**Excerpted data**
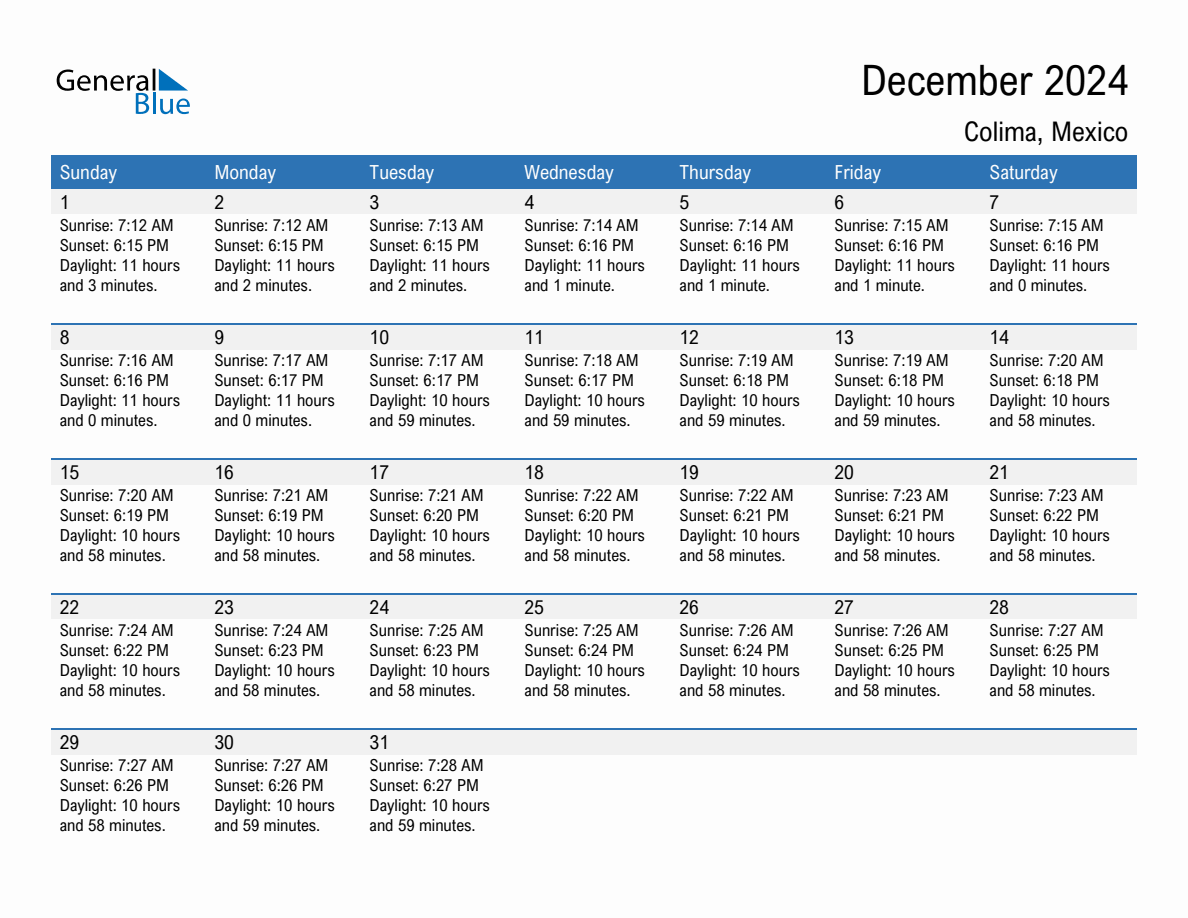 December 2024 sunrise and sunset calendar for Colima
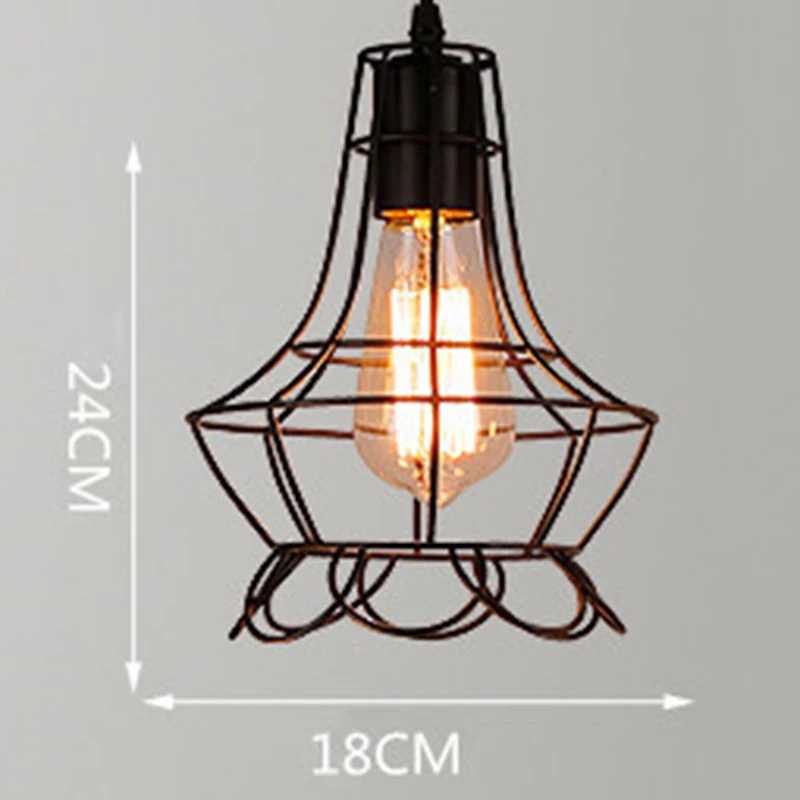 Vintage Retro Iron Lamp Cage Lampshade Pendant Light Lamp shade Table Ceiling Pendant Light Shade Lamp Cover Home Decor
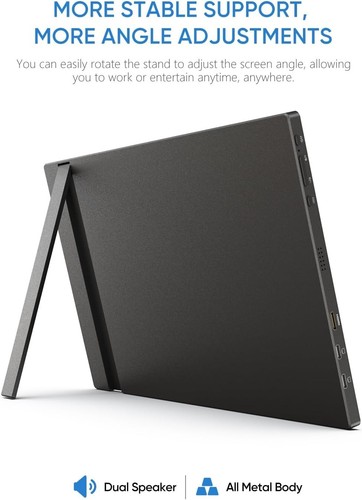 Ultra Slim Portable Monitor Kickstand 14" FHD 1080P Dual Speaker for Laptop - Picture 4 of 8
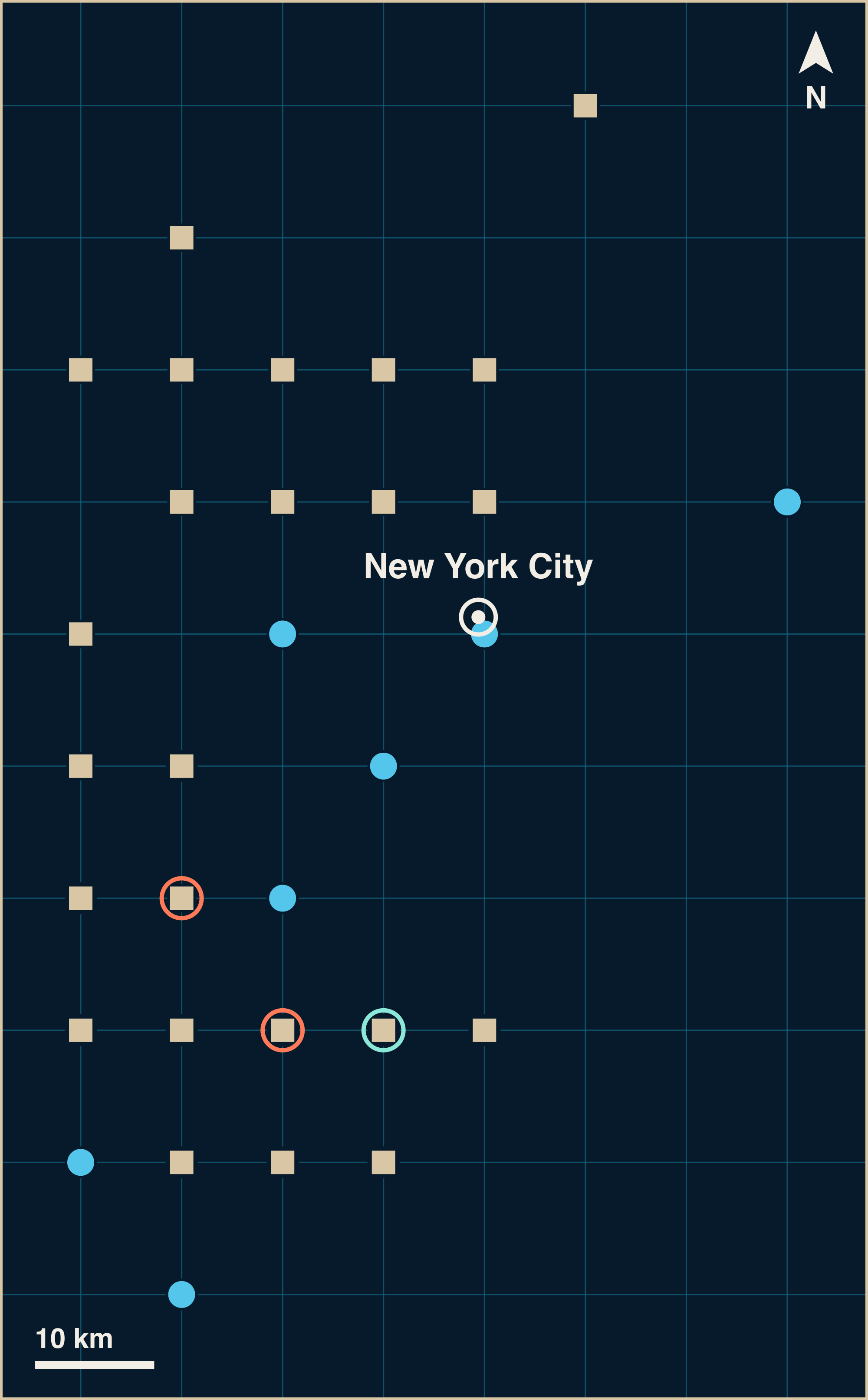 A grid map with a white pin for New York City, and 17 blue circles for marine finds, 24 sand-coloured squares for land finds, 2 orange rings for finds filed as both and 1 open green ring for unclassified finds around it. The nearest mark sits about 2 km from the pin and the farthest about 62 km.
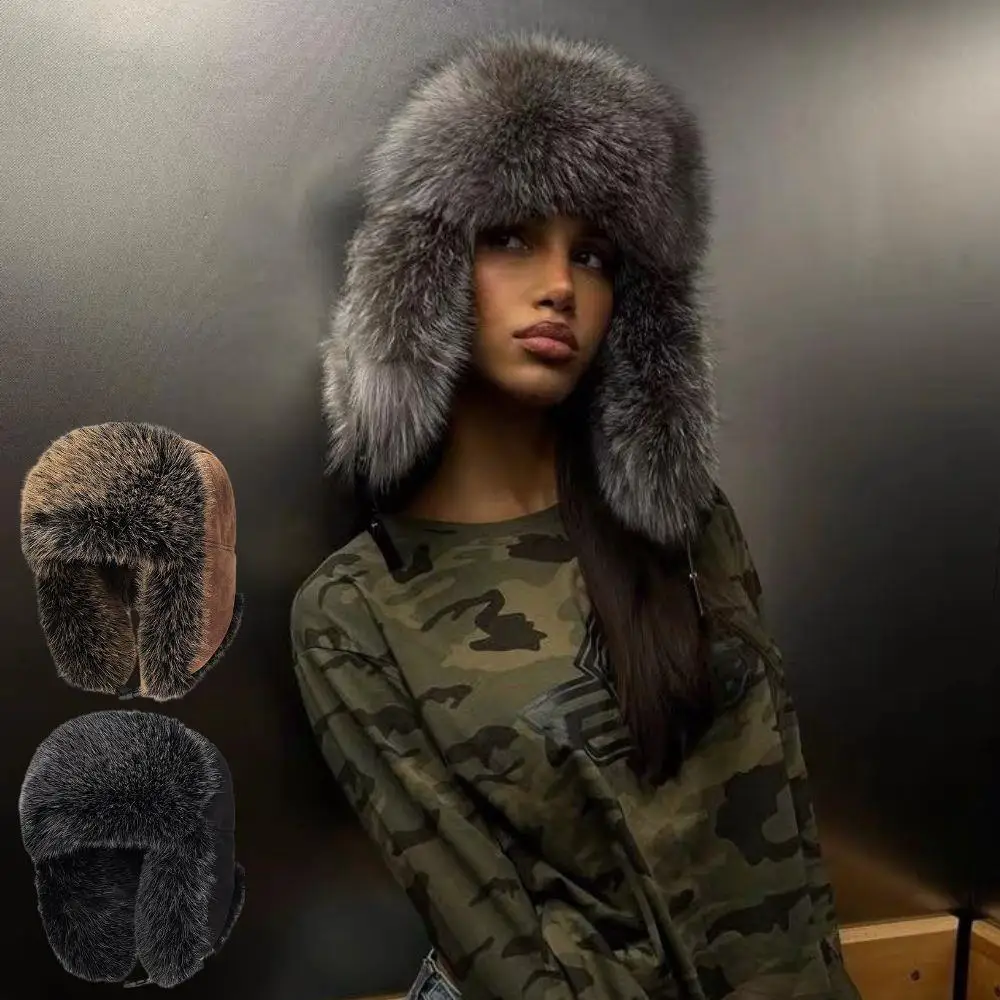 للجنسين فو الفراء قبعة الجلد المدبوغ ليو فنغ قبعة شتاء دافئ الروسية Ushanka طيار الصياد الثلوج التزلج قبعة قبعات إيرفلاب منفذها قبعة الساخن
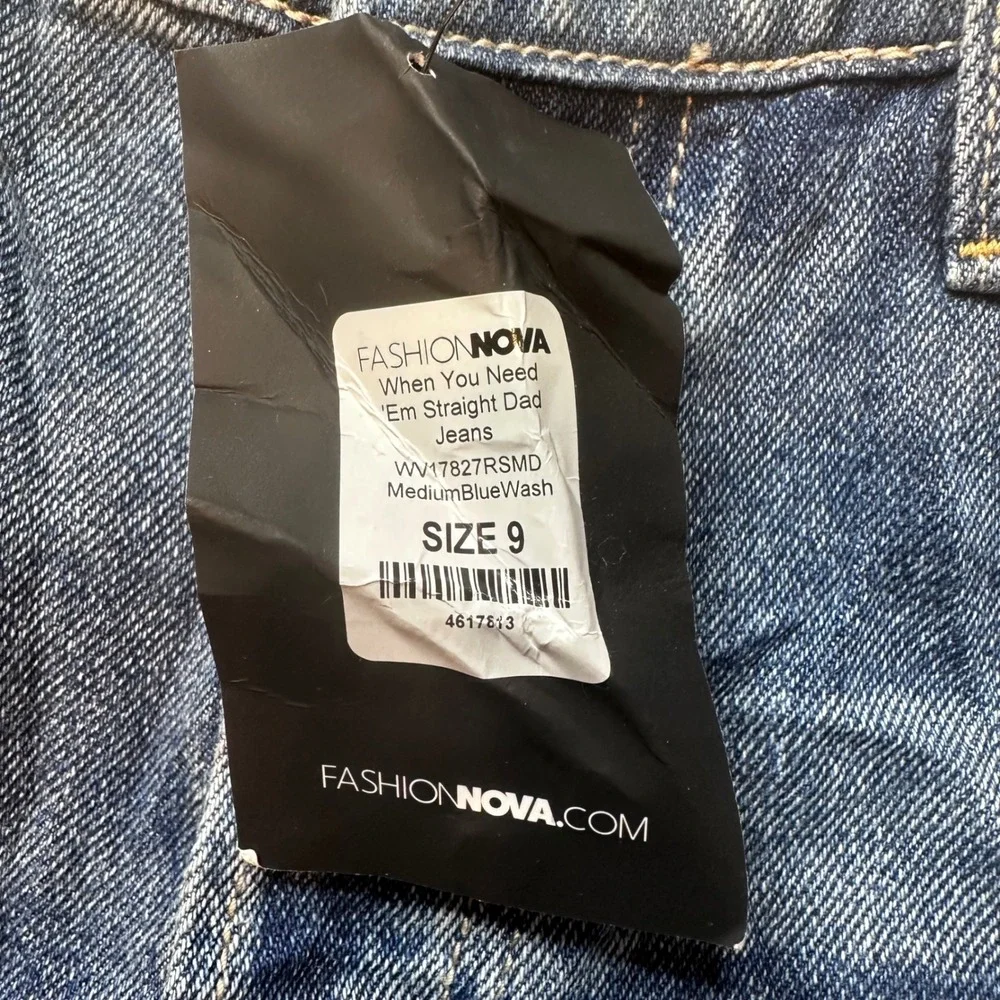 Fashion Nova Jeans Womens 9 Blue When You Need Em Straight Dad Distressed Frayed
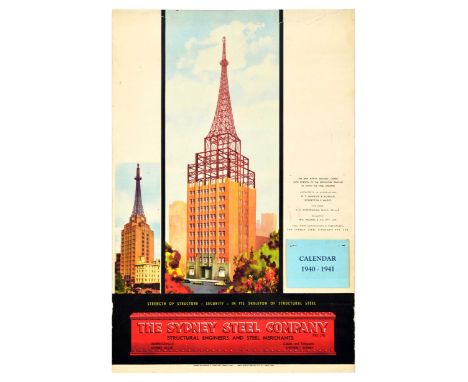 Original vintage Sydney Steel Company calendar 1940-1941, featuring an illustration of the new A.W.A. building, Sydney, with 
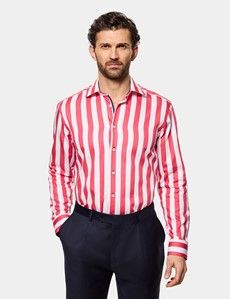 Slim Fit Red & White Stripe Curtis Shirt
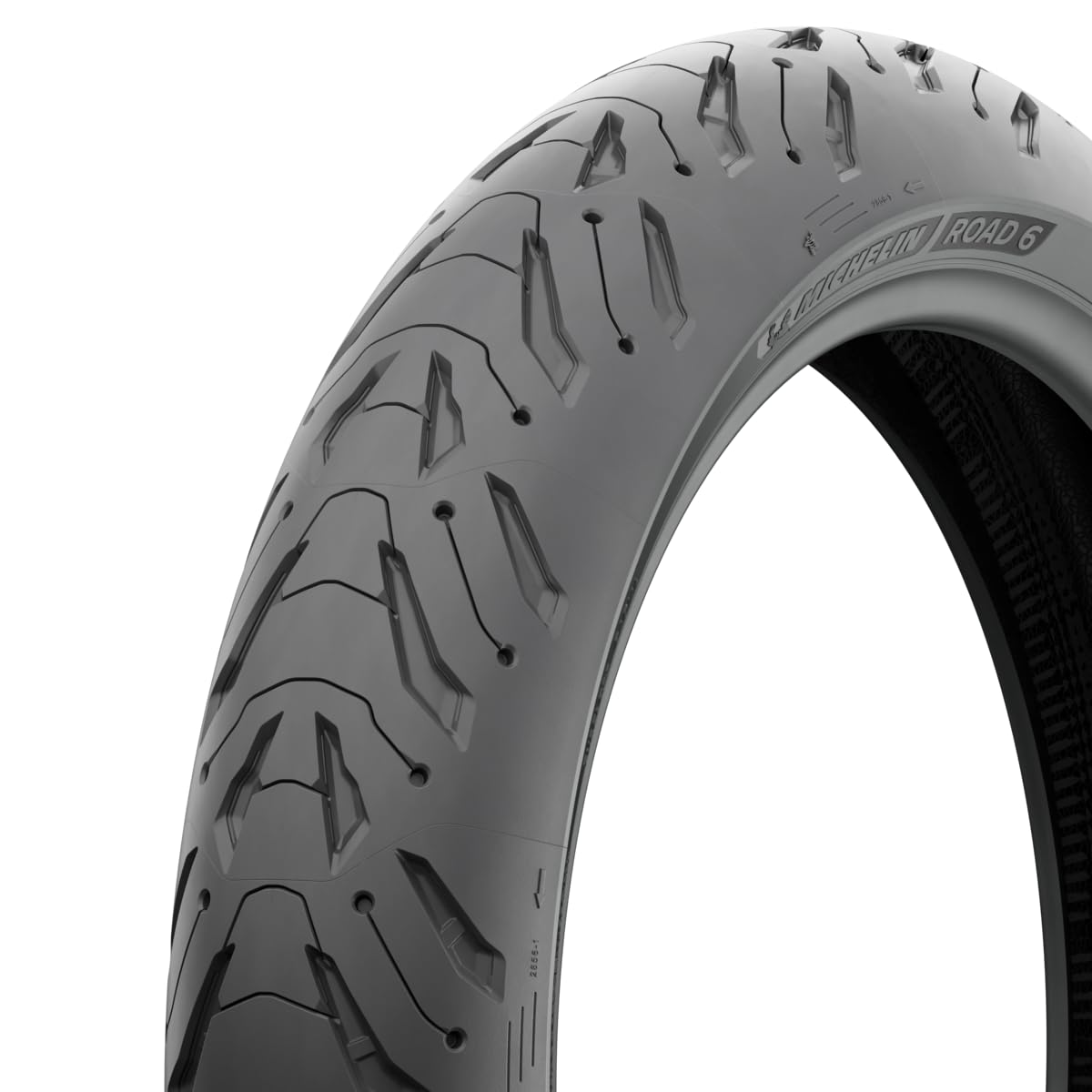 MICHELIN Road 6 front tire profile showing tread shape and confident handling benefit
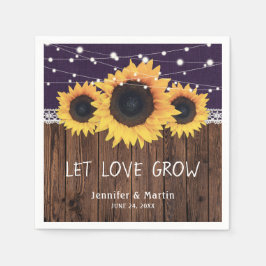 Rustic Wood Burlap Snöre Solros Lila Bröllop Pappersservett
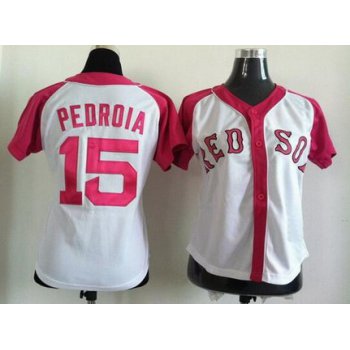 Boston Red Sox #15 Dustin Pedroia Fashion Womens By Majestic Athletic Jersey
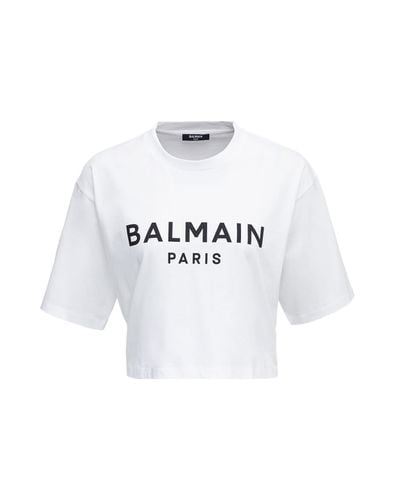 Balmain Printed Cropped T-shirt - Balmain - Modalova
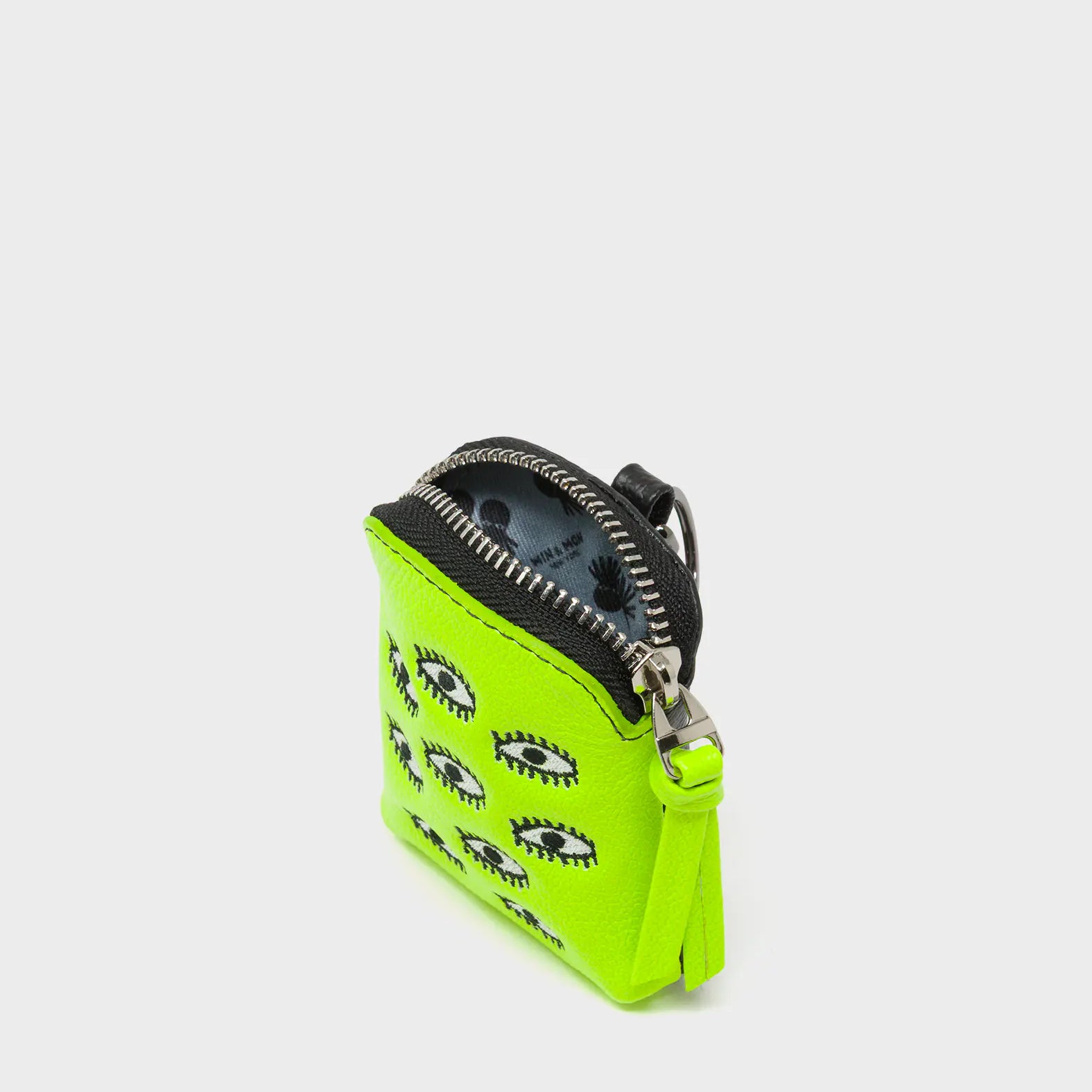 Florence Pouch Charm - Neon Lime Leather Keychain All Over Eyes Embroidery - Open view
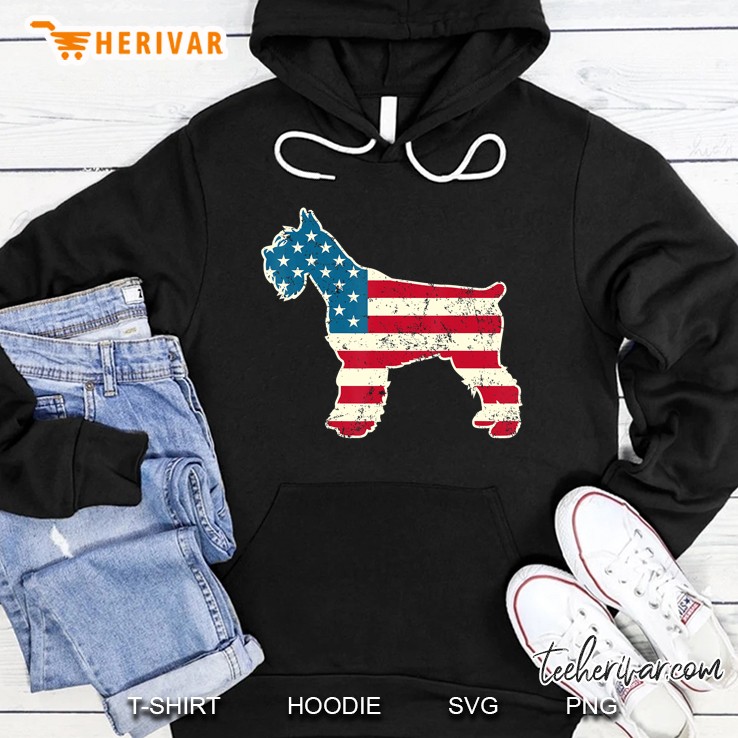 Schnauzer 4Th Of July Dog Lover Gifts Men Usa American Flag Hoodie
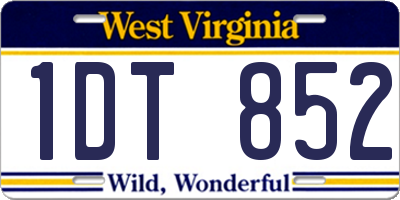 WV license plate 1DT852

**What you have to do**
Using the material above, retype each entry exactly and omit the pictures.

**Solution**
 December 2024 sunrise and sunset calendar for Colima
 Vintage Retro Iron Lamp Cage Lampshade Pendant Light Lamp shade Table Ceiling Pendant Light Shade Lamp Cover Home Decor
 Ultra Slim Portable Monitor Kickstand 14" FHD 1080P Dual Speaker for Laptop - Picture 4 of 8
 A grid map with a white pin for New York City, and 17 blue circles for marine finds, 24 sand-coloured squares for land finds, 2 orange rings for finds filed as both and 1 open green ring for unclassified finds around it. The nearest mark sits about 2 km from the pin and the farthest about 62 km.
 للجنسين فو الفراء قبعة الجلد المدبوغ ليو فنغ قبعة شتاء دافئ الروسية Ushanka طيار الصياد الثلوج التزلج قبعة قبعات إيرفلاب منفذها قبعة الساخن
 Fashion Nova Jeans Womens 9 Blue When You Need Em Straight Dad Distressed Frayed
 Original vintage Sydney Steel Company calendar 1940-1941, featuring an illustration of the new A.W.A. building, Sydney, with 
 Slim Fit Red & White Stripe Curtis Shirt
 MICHELIN Road 6 front tire profile showing tread shape and confident handling benefit
 Rustic Wood Burlap Snöre Solros Lila Bröllop Pappersservett
 Boston Red Sox #15 Dustin Pedroia Fashion Womens By Majestic Athletic Jersey
 Balmain Printed Cropped T-shirt - Balmain - Modalova
 Florence Pouch Charm - Neon Lime Leather Keychain All Over Eyes Embroidery - Open view
 Schnauzer 4Th Of July Dog Lover Gifts Men Usa American Flag Hoodie
 WV license plate 1DT852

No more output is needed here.